Den mit Abstand persönlichsten Song des neuen Albums hat sie dem großen tschechischen Politiker, Menschenrechtler und passionierten Rockmusik-Fan Václav Havel gewidmet. 2006 erhielt Vega anlässlich von Havels 70. Geburtstag eine Einladung nach Prag, wo sie auch einige Songs zum Besten gab. „Nach der Show fragte er mich, ob ich am nächsten Morgen mit ihm frühstücken wolle. Von da an kam er zu jedem meiner Konzerte in Prag. Wir hatten eine wunderbare Freundschaft und schrieben uns oft Mails.“ 2009 spielte sie dann zum 20. Jubiläum der Samtenen Revolution, gemeinsam mit Lou Reed und Joan Baez.

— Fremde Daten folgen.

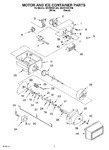 Diagram for 06 - Motor And Ice Container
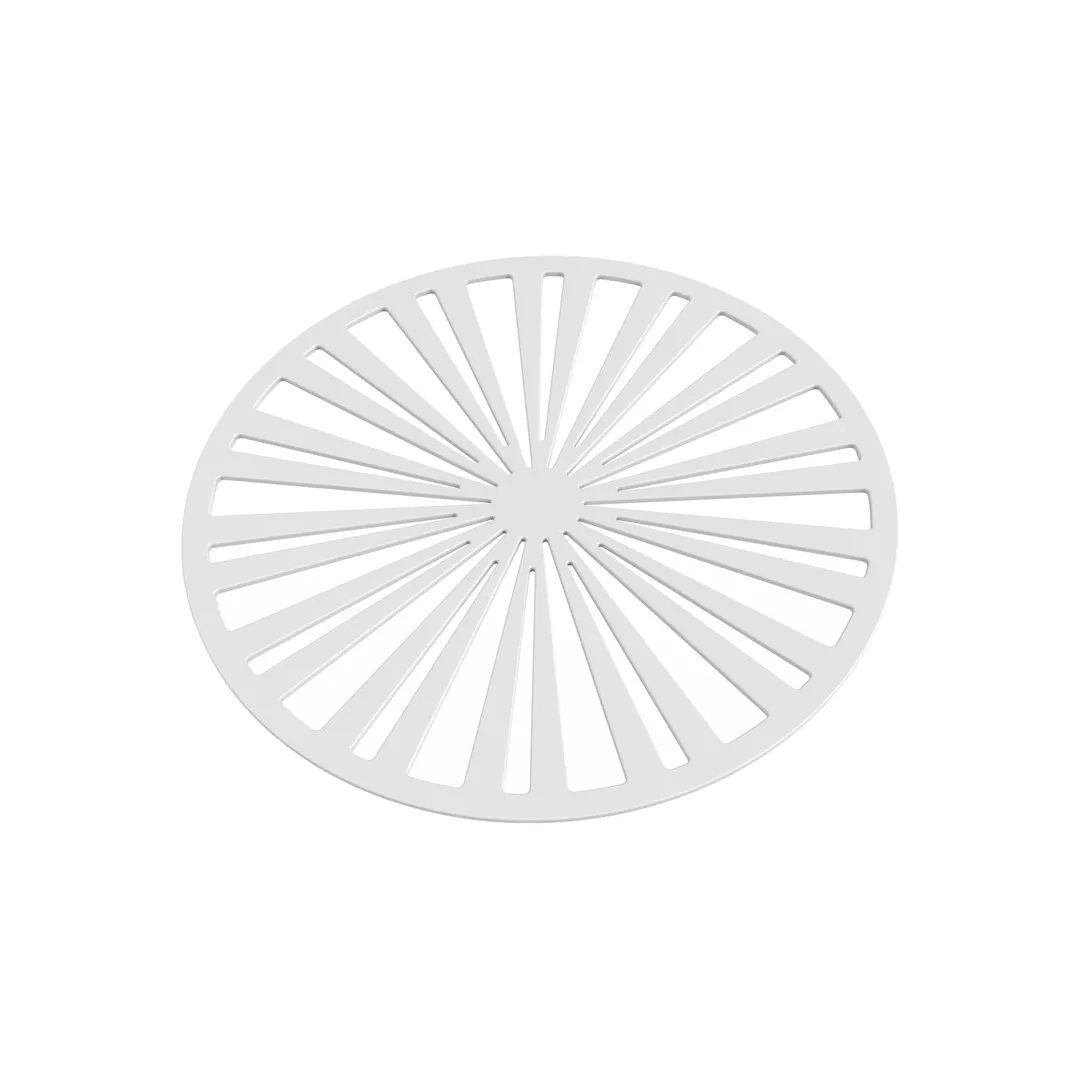 Louis Tellier STENCILGALETTE03 Silicone Mold, 10.62" Dia x 0.09" H, Non‑Stick, Fits 9.44" Galette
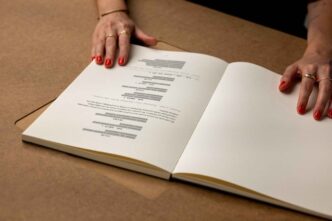 Installation view from the exhibition “Dark World”, Salt Galata, Photo: Metean Bars (Salt)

Sehr häufig passiert es allerdings nicht, dass amerikanische Songwriter vom Leben und Werk europäischer Politikerikonen beeinflusst sind, oder?“In seiner Seele war er ein Künstler, ein Theatermensch. Er liebte die Atmosphäre von Bohemiens und Rock’n’Rollern. Für einen Präsidenten ist das die richtige Einstellung, um zu verstehen, wie Kunst entsteht und was sie bewirken kann. Außerdem hat mich sein Schicksal bewegt. Er hat viel gelitten, im Gefängnis, aber auch später“, erzählt Vega. Havels starker Wille, sein Durchhaltevermögen und sein Charisma haben sie tief beeindruckt. Nicht zuletzt sind es diese Eigenschaften, die sie selbst auf ihren Platten zu transportieren versucht. „Musik kann immer noch eine politische Botschaft ohne hohle Posen haben. Daran glaube ich nach wie vor fest.“

EIN HIT UND EIN HALBER

Vegas bis heute mit Abstand erfolgreichstes Album ist „Solitude Standing“ von 1987. Darauf enthalten sind „Luka“ und „Tom’s Diner“

Menschen, die in den Achtzigern aufwuchsen oder musikalisch mit Formatradiosendern sozialisiert wurden, verbinden Suzanne Vega vor allem mit zwei unzerstörbaren Songs. Der eine, „Luka“, eine beklemmende Geschichte über häusliche Gewalt und Kindesmissbrauch in Verkleidung eines befreienden Gitarren-Pop-Arrangements. Der andere, „Tom’s Diner“, ein von Vega bereits 1981 geschriebenes, leises A-cappella-Stück über ein Eck-Restaurant in New York. Richtig bekannt wurde es jedoch erst 1990 in der Remix-Version des britischen Produzenten-Duos DNA, das Vegas stille Beobachtungen mit klobigem Beat, ein paar Streichern und Bläser-Akzenten tunte.